Work instruction ->
Nothing but the pictures is dropped; write out all the remaining data below exactly.

Collected data ->
::::::

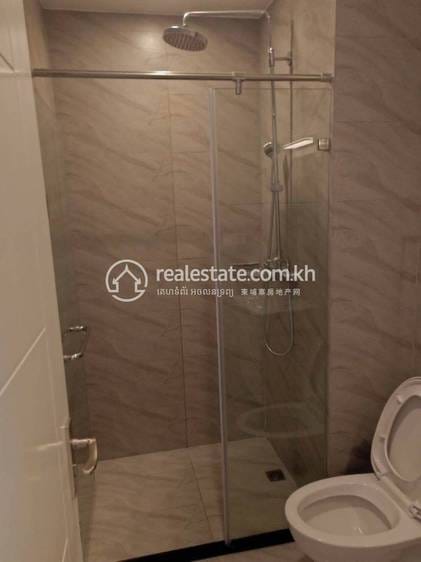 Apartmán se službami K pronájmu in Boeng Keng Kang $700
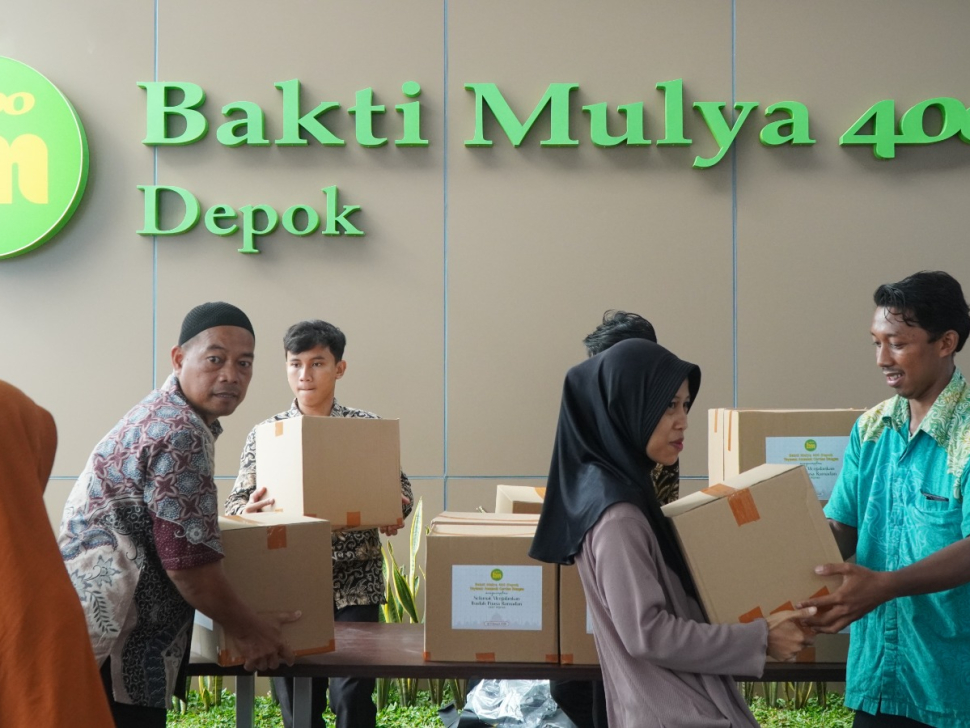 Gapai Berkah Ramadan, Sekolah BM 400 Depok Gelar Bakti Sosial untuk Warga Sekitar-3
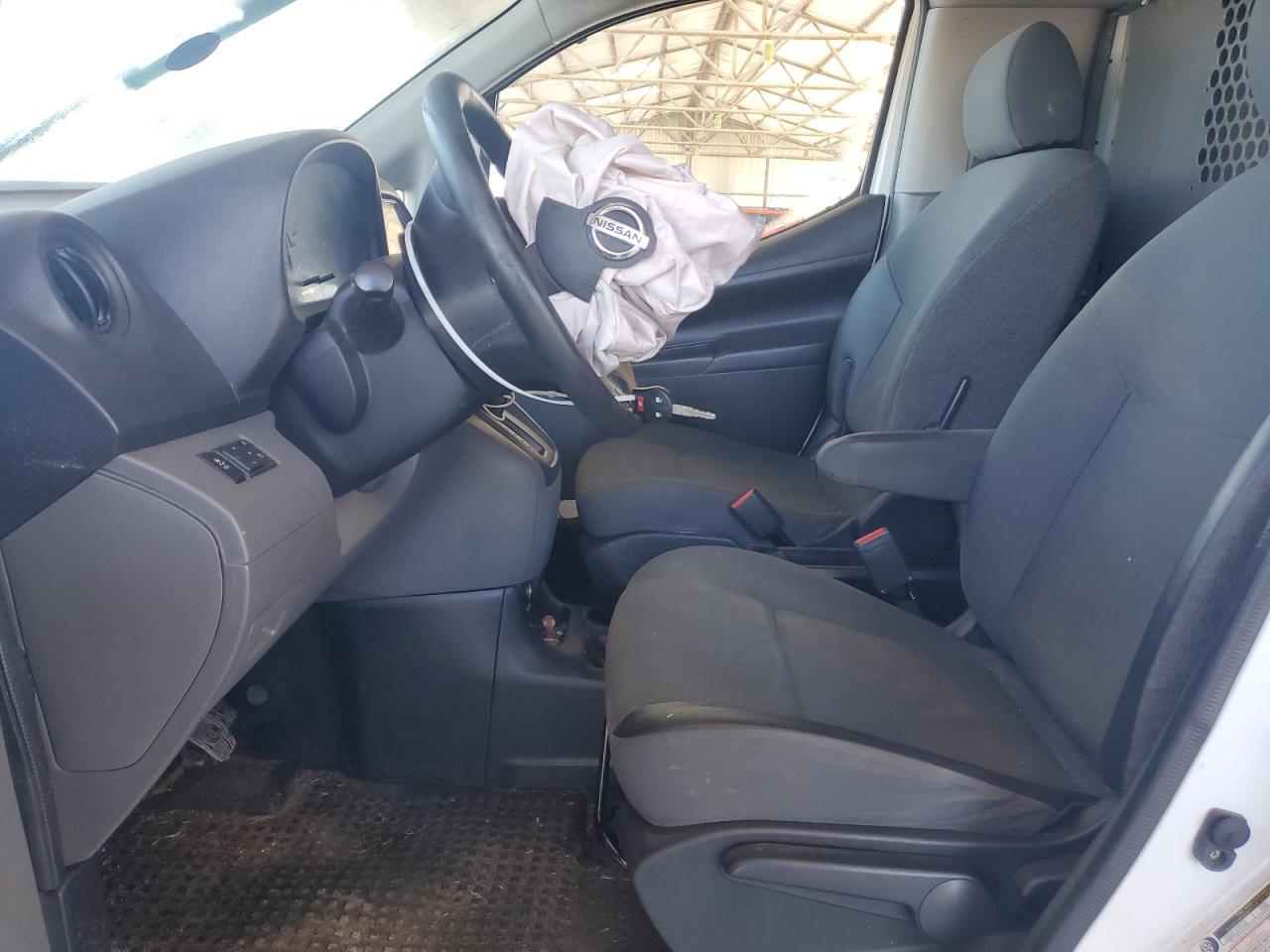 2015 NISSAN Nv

::::::

Result of this exercise ->
 Apartmán se službami K pronájmu in Boeng Keng Kang $700
 Gapai Berkah Ramadan, Sekolah BM 400 Depok Gelar Bakti Sosial untuk Warga Sekitar-3
 2015 NISSAN Nv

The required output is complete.